[Task item]: Omit all pictures. Copy exactly the lines from the line containing "a woman with" to the end of the listing, with both ends included.

(Beginning of Supplied data)

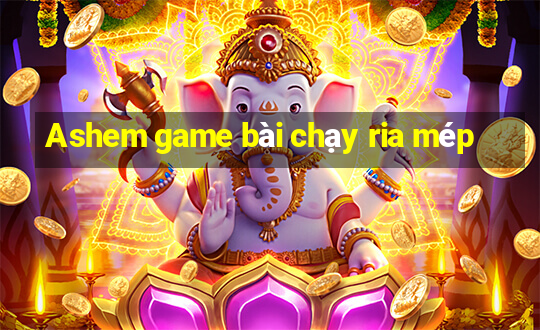 Ashem game bài chạy ria mép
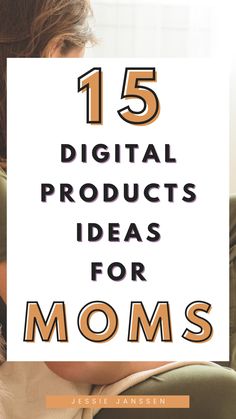 a woman with her head in her hands and the words 15 digital products ideas for moms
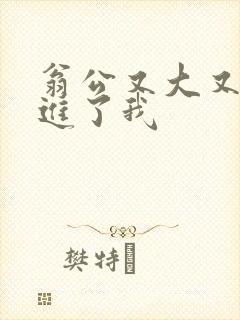 翁公又大又粗挺进了我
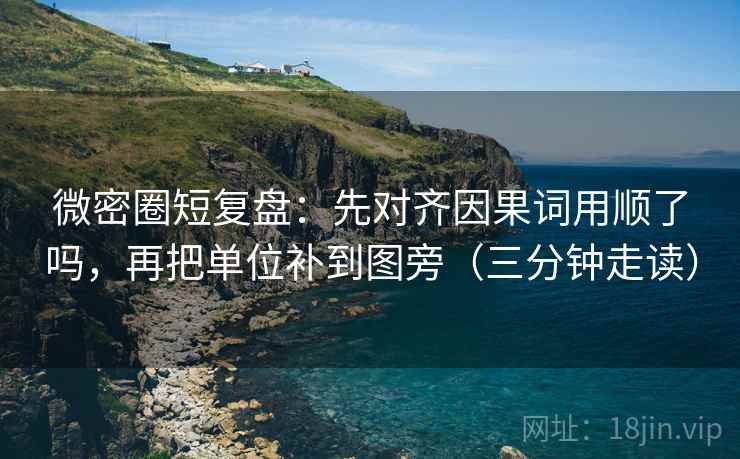 微密圈短复盘:先对齐因果词用顺了吗,再把单位补到图旁(三分钟走读) 第2张 微密圈短复盘:先对齐因果词用顺了吗,再把单位补到图旁(三分钟走读) 第2张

(End of Supplied data)

[Solution for this exercise]:
 a woman with her head in her hands and the words 15 digital products ideas for moms
 翁公又大又粗挺进了我
 微密圈短复盘:先对齐因果词用顺了吗,再把单位补到图旁(三分钟走读) 第2张 微密圈短复盘:先对齐因果词用顺了吗,再把单位补到图旁(三分钟走读) 第2张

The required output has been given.